Caption-style text data
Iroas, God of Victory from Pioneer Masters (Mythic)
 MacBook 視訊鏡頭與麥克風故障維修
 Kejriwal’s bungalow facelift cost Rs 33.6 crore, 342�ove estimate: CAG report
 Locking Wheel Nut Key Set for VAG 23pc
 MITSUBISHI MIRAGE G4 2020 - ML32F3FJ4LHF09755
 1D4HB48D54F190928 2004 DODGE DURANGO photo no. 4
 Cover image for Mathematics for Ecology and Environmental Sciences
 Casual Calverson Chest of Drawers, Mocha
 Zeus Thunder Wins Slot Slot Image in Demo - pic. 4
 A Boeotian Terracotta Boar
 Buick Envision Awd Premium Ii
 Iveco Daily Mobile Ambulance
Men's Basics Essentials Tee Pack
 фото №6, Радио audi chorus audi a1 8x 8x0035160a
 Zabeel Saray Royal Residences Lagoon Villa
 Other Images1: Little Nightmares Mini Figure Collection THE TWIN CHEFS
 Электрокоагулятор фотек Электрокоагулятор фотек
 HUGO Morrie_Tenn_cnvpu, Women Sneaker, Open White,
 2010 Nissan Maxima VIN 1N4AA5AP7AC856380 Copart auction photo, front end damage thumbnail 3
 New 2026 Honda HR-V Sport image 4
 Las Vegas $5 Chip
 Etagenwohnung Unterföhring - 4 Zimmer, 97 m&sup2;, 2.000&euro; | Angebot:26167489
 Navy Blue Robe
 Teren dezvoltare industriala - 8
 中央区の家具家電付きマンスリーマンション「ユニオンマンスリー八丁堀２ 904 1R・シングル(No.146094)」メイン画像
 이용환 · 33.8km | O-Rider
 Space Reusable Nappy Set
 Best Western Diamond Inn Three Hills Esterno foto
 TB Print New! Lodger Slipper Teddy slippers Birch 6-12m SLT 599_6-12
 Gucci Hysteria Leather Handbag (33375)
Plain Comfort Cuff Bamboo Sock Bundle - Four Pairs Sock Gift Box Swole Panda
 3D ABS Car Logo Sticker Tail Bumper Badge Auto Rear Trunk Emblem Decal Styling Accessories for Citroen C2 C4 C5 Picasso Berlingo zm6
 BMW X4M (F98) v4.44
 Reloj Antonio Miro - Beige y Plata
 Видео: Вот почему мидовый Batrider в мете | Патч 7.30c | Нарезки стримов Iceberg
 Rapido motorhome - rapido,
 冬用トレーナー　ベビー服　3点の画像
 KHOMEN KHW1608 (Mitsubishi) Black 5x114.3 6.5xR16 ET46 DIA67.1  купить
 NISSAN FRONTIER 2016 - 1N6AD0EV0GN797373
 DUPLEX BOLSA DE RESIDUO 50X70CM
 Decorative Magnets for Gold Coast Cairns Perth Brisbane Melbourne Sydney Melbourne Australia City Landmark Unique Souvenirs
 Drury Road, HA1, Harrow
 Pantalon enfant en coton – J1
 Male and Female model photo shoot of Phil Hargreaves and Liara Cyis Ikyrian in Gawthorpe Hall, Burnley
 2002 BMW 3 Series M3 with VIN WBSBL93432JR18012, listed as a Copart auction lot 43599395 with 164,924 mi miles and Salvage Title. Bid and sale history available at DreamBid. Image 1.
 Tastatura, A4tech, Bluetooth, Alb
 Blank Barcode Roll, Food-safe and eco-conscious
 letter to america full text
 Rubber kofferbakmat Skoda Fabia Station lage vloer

What you will do: Your answer should consist solely of the lines above from the line with "冬用トレーナー　ベビー服　3点の画像" to the line with "Drury Road, HA1, Harrow", both included, reproduced exactly.

Expected answer:
 冬用トレーナー　ベビー服　3点の画像
 KHOMEN KHW1608 (Mitsubishi) Black 5x114.3 6.5xR16 ET46 DIA67.1  купить
 NISSAN FRONTIER 2016 - 1N6AD0EV0GN797373
 DUPLEX BOLSA DE RESIDUO 50X70CM
 Decorative Magnets for Gold Coast Cairns Perth Brisbane Melbourne Sydney Melbourne Australia City Landmark Unique Souvenirs
 Drury Road, HA1, Harrow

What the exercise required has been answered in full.